My workshop was sold out with a waiting list and I eagerly anticipated meeting the participants. Almost universally attendees were either:
- Mac users and/or
- Looking for work and wanting some new skills
I expected there to be some ArcGIS power users from established conservation organizations who were just curious about QGIS, but there wasn't anyone who fit that description.
Overall QGIS was very well received. During the morning session I introduced FOSS and QGIS, showed how to add and style data and create a map. At lunch one attendee said,
"I have about 10 pet peeves with ArcMap, and you just answered 7 of them with QGIS!"
During the afternoon session I covered plugins, geoprocessing, the Graphical Modeler and how to get help/resources. If you missed it, all the workshop materials can be downloaded here.
One of the most interesting aspects of SCGIS is their International Scholar program. In attendance were a couple dozen scholars from around the world. I met people from Barbados, Zimbabwe, Madagascar, Brasil, Columbia, The Gambia, Bangladesh, New Zealand, Pakistan, and Zambia.
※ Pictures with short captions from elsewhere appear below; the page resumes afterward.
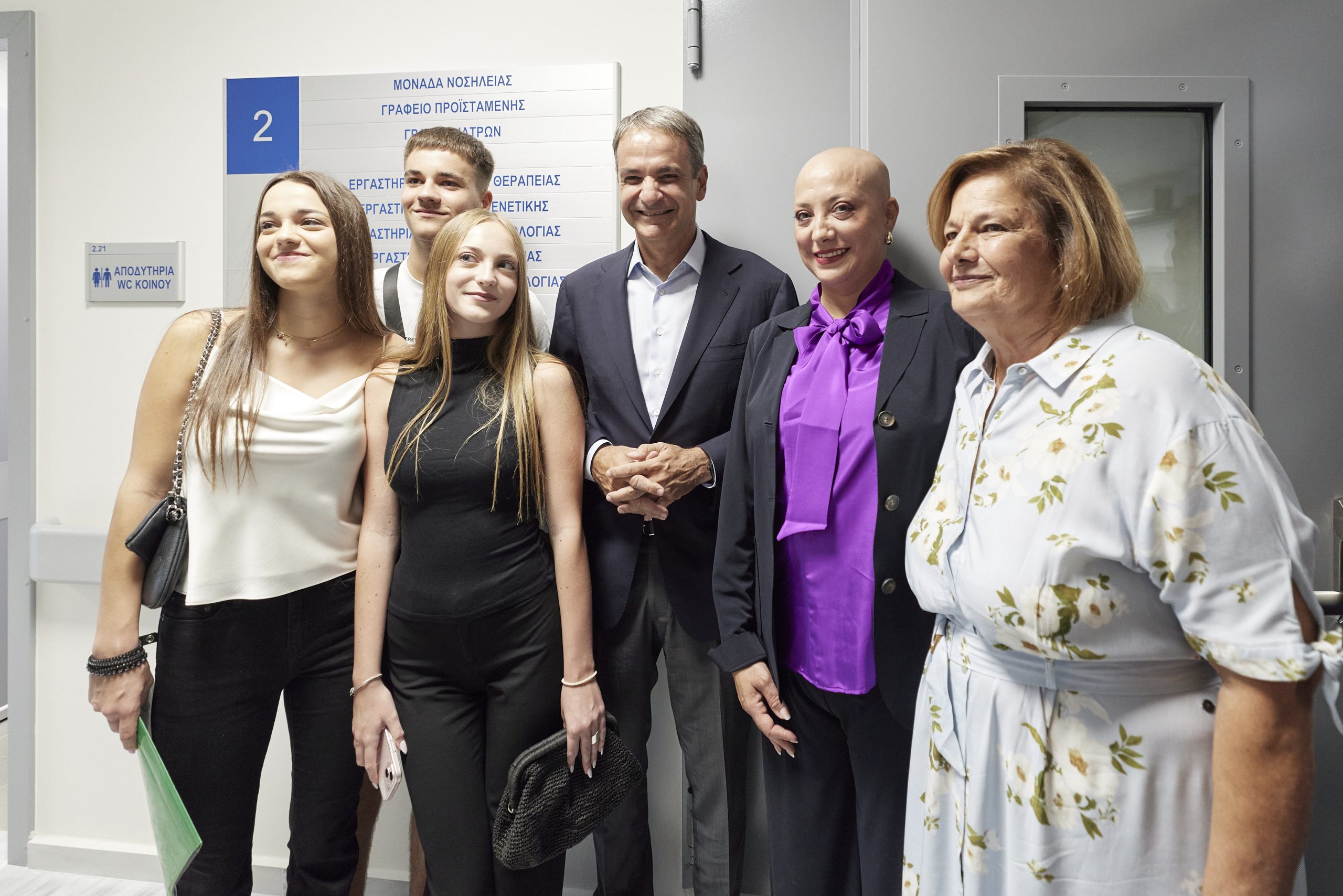 Γ. Ξανθοπούλου: «Κύριε πρωθυπουργέ σας ευχαριστώ που ακούσατε τη φωνή μου» – Η συγκινητική ομιλία ασθενούς στα εγκαίνια της νέας κλινικής στο «Παπανικολάου»  ​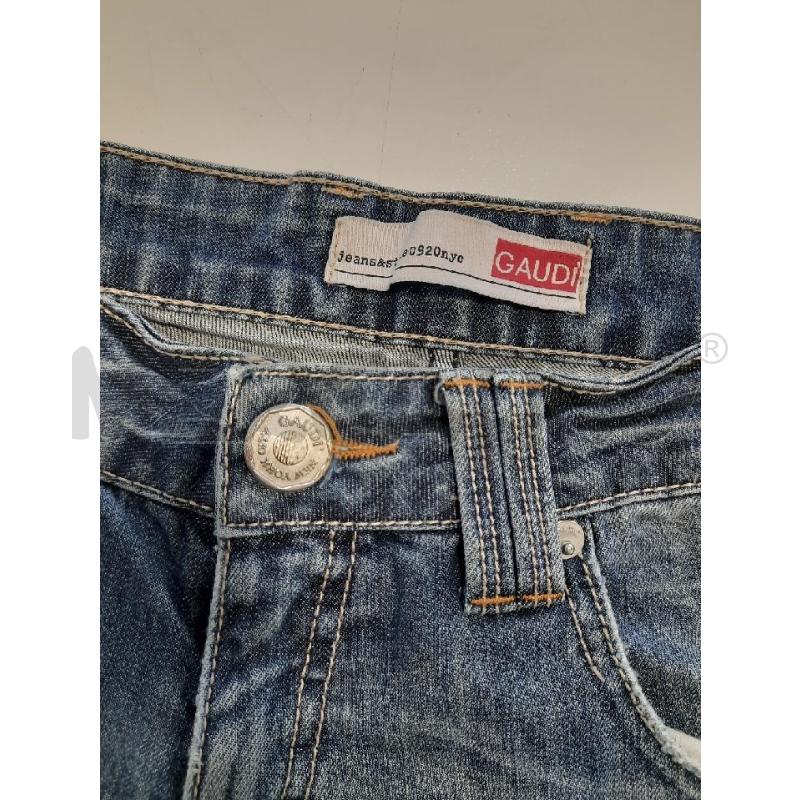 JEANS DONNA GAUDI LAVAGGIO CHIARO  | Mercatino dell'Usato Roma rebibbia 3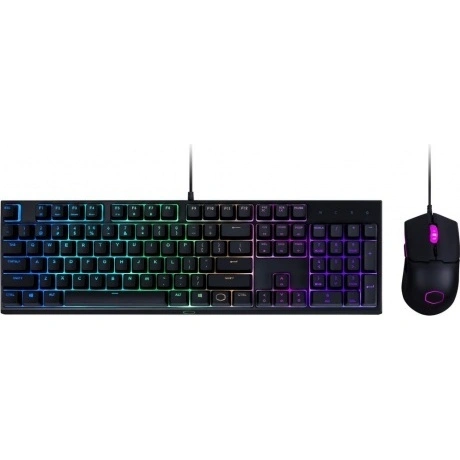 Набор клавиатура+мышь Cooler Master Combo MS110 (MS-110-KKMF3-RU...
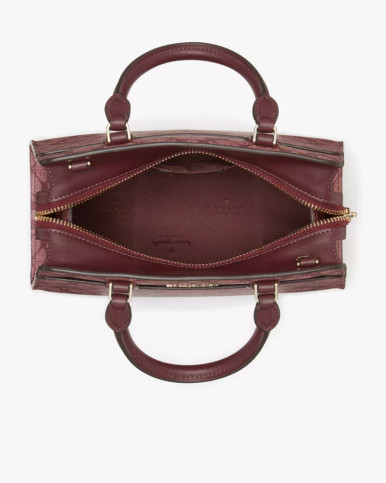 KATE SPADE  Signature Spade Flower Small Satchel image 2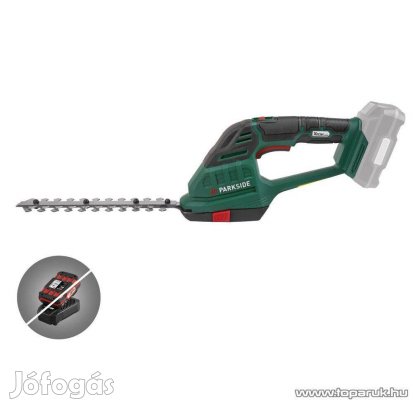 Parkside Pags 20V - Li A1 akkus sövényvágó 0103-434669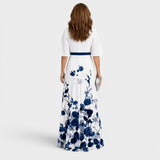 Varga | Vestido maxi halter fluido elegante pre ženy
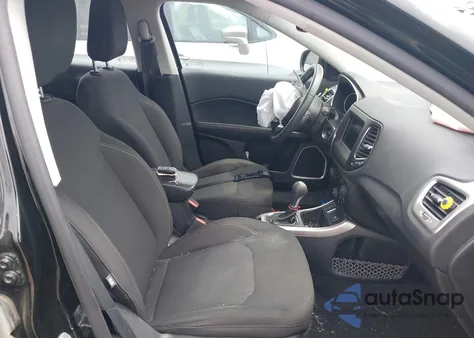 2018 Jeep Compass Sport Fwd from USA, damaged, VIN 3C4NJCAB2JT187010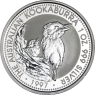 Australien-1 Dollar-1997-AGstgl-Kookaburra-RS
It was really fun connecting with people from such different places working on conservation.
Then there was the location. We were at the Asilomar Conference Grounds on the Monterey Peninsula. The waves on the beach could be heard from our room and each night I went out to the beach to enjoy the sunset. I also had time to visit the Monterey Bay Aquarium and go on a whale watching tour!
One thing I realized is that many don't seem to look far beyond the Esri ecosystem for geo-tools. I've been an Esri user for 20 years, I get it. There are some great products in the stack. However, I hope more SCGIS'ers eventually venture to a FOSS4G conference. I think it would be immensely helpful to their work. The set of FOSS tools discussed there is so broad and interesting. Afterall GIS is just a tool, why not have a bigger set of tools to work with? Certainly having two QGIS workshops at SCGIS is a step in the right direction.
I had some discussions with another SCGIS attendee about doing a workshop next year on how to work with LandFire products with QGIS. I'll keep you posted on that. Next up is the 3rd QGIS User Meeting/Hackfest/Developer Meeting in Nødebo Denmark where I'll be teaching a full day workshop on Data Visualization and Cartography in QGIS!